Help Me Fly to Chattanooga to Cover the UAW Election at Volkswagen

UAW filed for a union election today with 70% of the plant signing up to join the union. (UAW)

Recurring Donation

One Time Donation

Earlier today, the UAW announced that they had filed for a union election at Volkswagen in Chattanooga with over 70%. The union lost twice in both 2014 and 2019. 

With Mercedes workers in Alabama nearing a union drive and drives underway at Toyota in Missouri and Hyundai in Alabama, a win in Chattanooga could open the door to organizing in the South. (See our coverage today of what the announcement in Chattanooga means)

I was there to cover those defeats in Chattanooga in 2014 and 2019. Now, I hope to get back in time to cover this union election. 

However, I’m in Brazil and finishing a film shoot on my documentary “Marielle Vive” about the assassination of Rio City Councilwoman Marielle Franco, whom I attended college with at PUC-RIo.
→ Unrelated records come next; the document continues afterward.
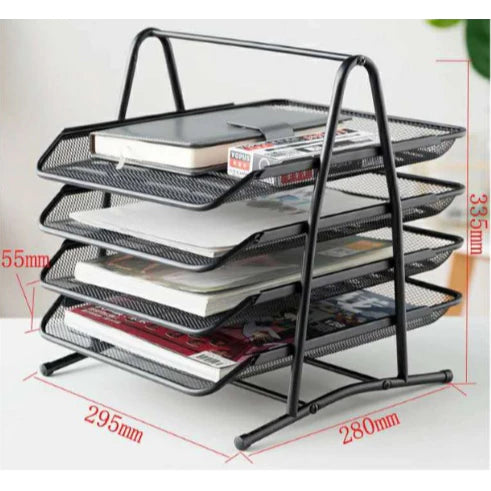 4 Layer Document Basket tray/wire mesh file tray/basket rack multi-layer storage box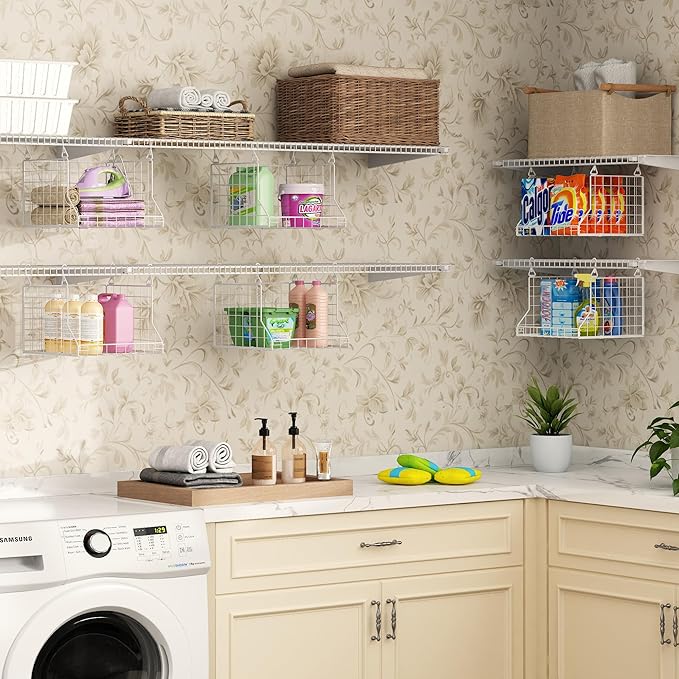 3-Tier Foldable Laundry Basket Organizer with Rotating Hooks - Space-Saving Over Washer and Dryer Shelf for Laundry Room Orga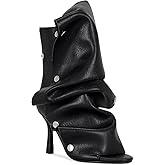 RKQ Women's Suede Rhinestones kitten Stiletto Heels Peep toe Ankle Boots cute Back zipper Detachable buckle Panel Slouchy Dress Party y2k summer Short booties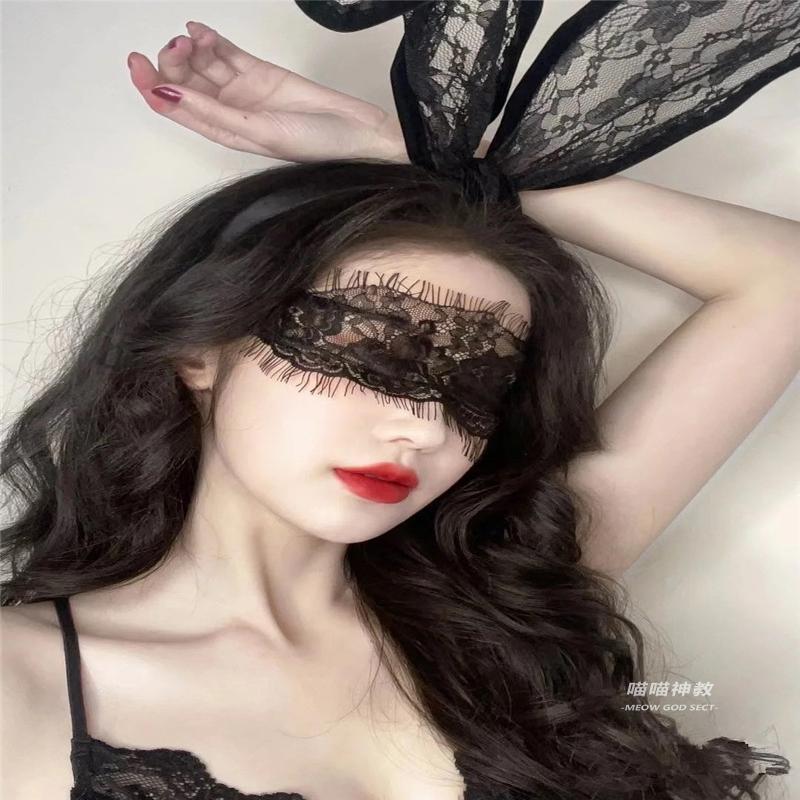 网红万圣节生日派对舞台Cosplay蕾丝眼罩超大兔耳朵发箍头箍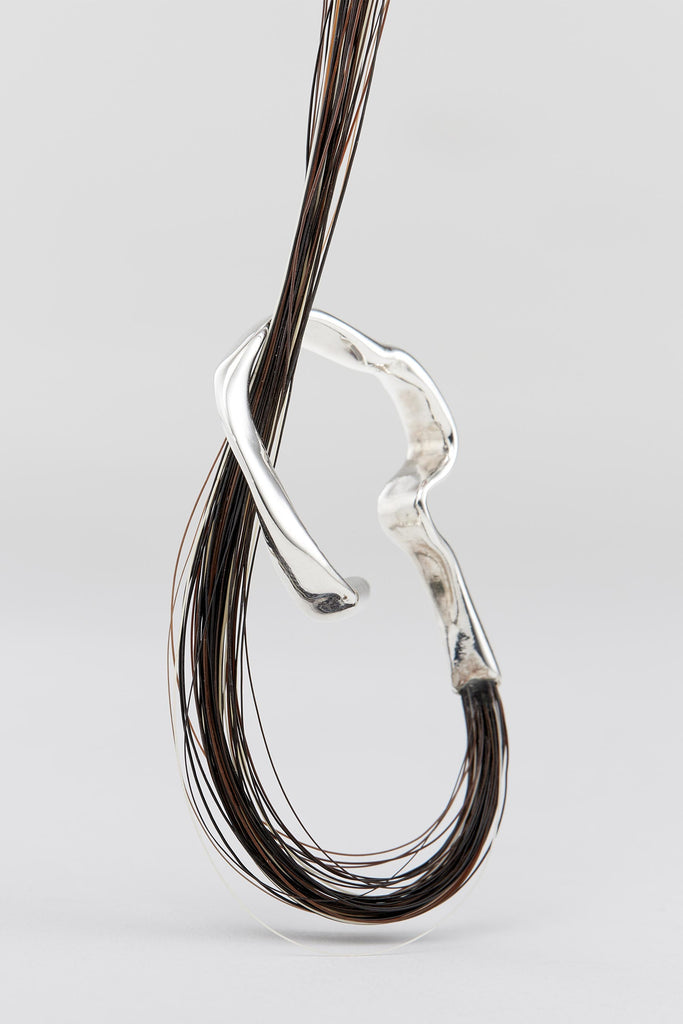 Silver Ear Cuff with Mixed Horse Tail Hair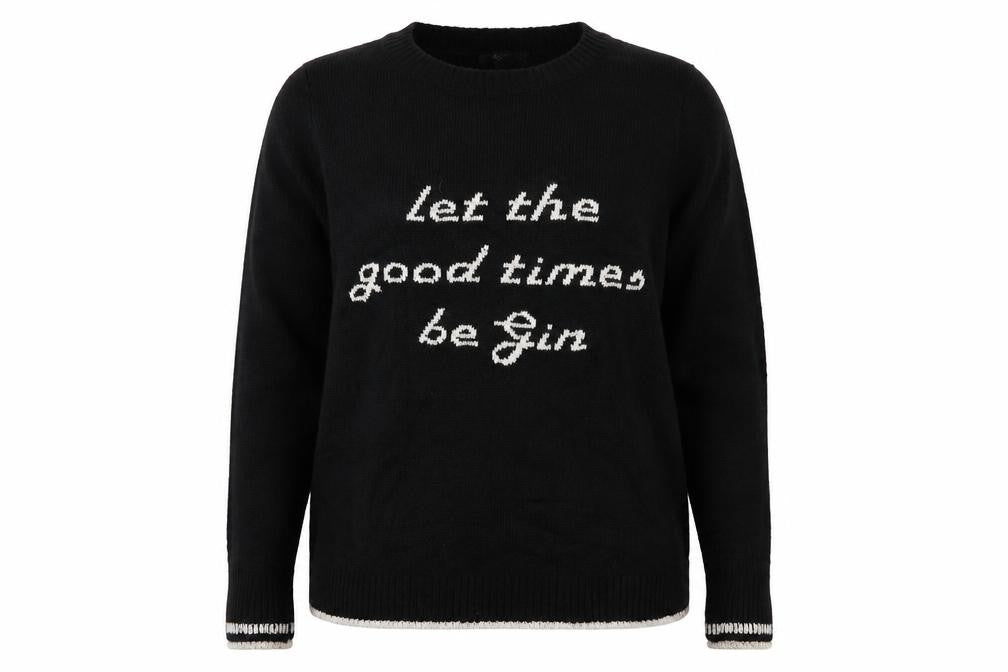 Next Women’s Black Funny Slogan Pullover Jumper Size 18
To get back to the United States a few weeks early, I will likely have to pay fees to flight change fees. The National Labor Relations Board has yet to set an election date, but it is expected to happen in the next few weeks and I want to get back to cover it.

Donate to help us change this flight and get back to Chattanooga as soon as a union election is called. 

Over the past decade, Payday has covered the last two union elections in Chattanooga, and we need your help to cover it once again (Donate here)

I first went to Chattanooga in 2013 to cover the union election. By the end of the union struggle, I had covered for the New York Times how union corruption led to the union’s defeat at Volkswagen.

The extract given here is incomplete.